Goal of the exercise: All the entries need to be quoted exactly, apart from the pictures, which you should drop.

^^^^^^^^

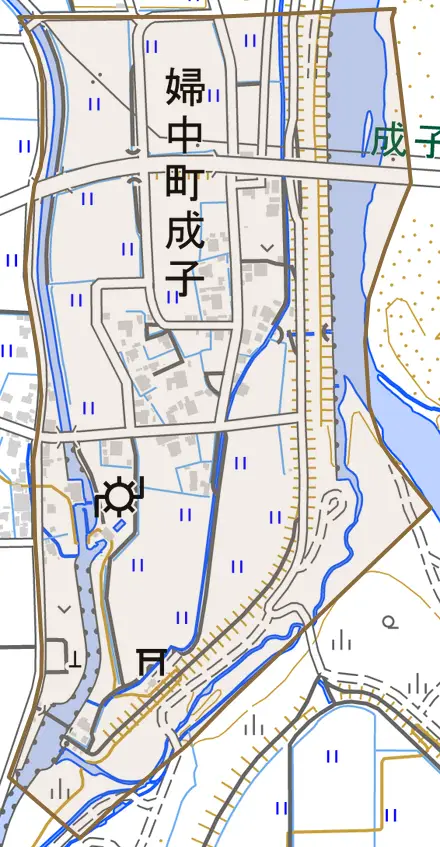 婦中町成子とその周辺の地図。町の範囲を重ねている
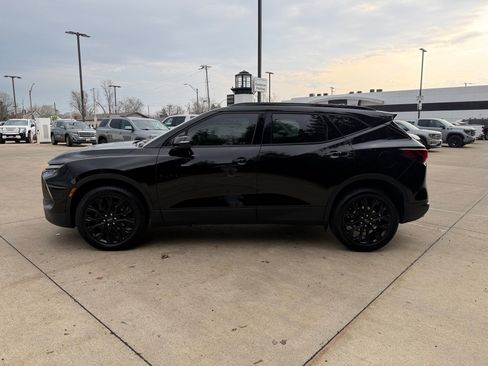 Used 2024 Chevrolet Blazer LT w/ LPO, Black Grille Bar Package image 8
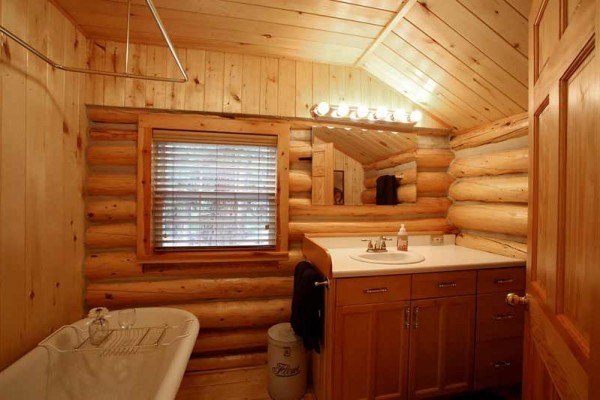 [Image: Rustic Cabin with 5 Star Amenities on Elk Creek]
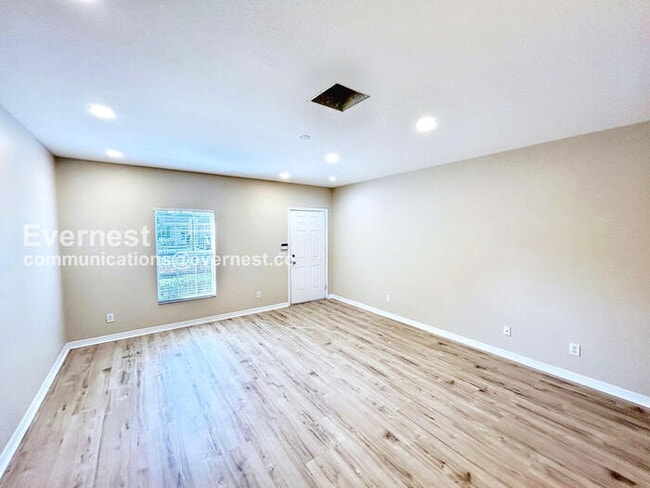 Photo - 16351 Swan View Cir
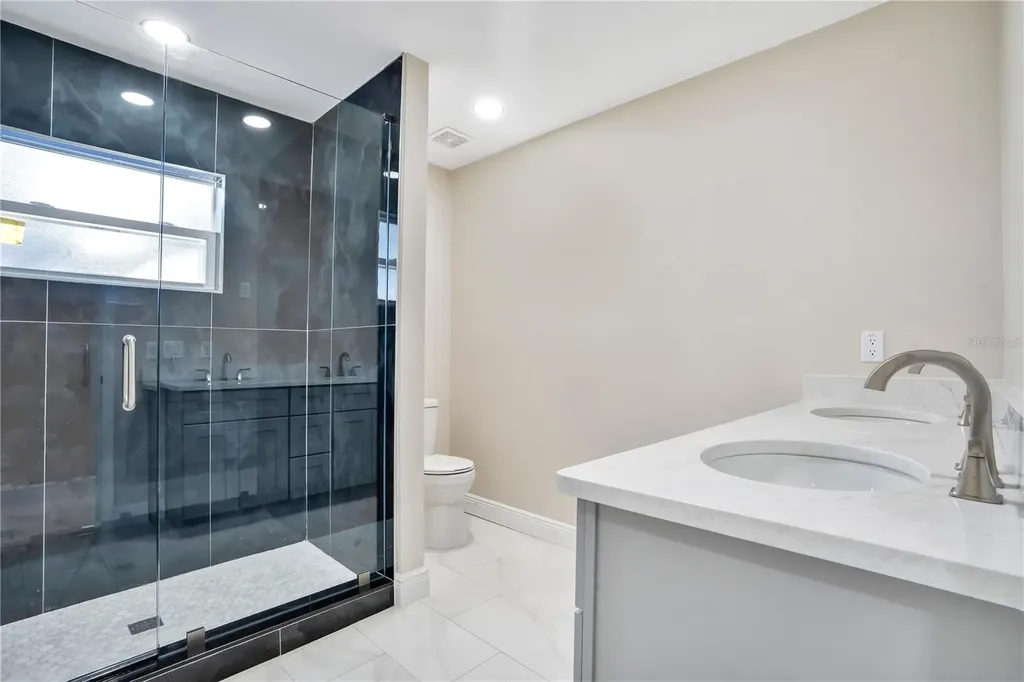 1544 N Highland Street Mount Dora FL 32757
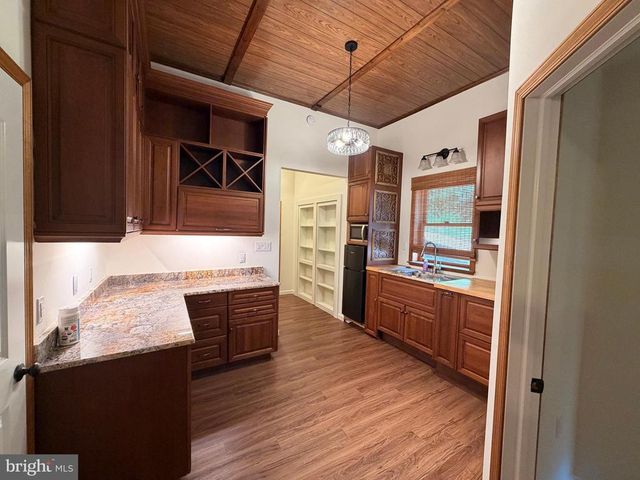 1214 EASTOVER PKWY, Locust Grove, VA 22508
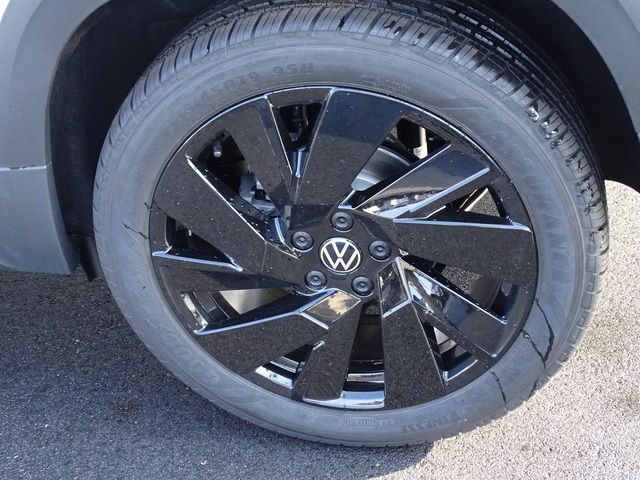 2024 Volkswagen Taos SE Black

^^^^^^^^

Your response:
 婦中町成子とその周辺の地図。町の範囲を重ねている
 Used 2024 Chevrolet Blazer LT w/ LPO, Black Grille Bar Package image 8
 [Image: Rustic Cabin with 5 Star Amenities on Elk Creek]
 Photo - 16351 Swan View Cir
 1544 N Highland Street Mount Dora FL 32757
 1214 EASTOVER PKWY, Locust Grove, VA 22508
 2024 Volkswagen Taos SE Black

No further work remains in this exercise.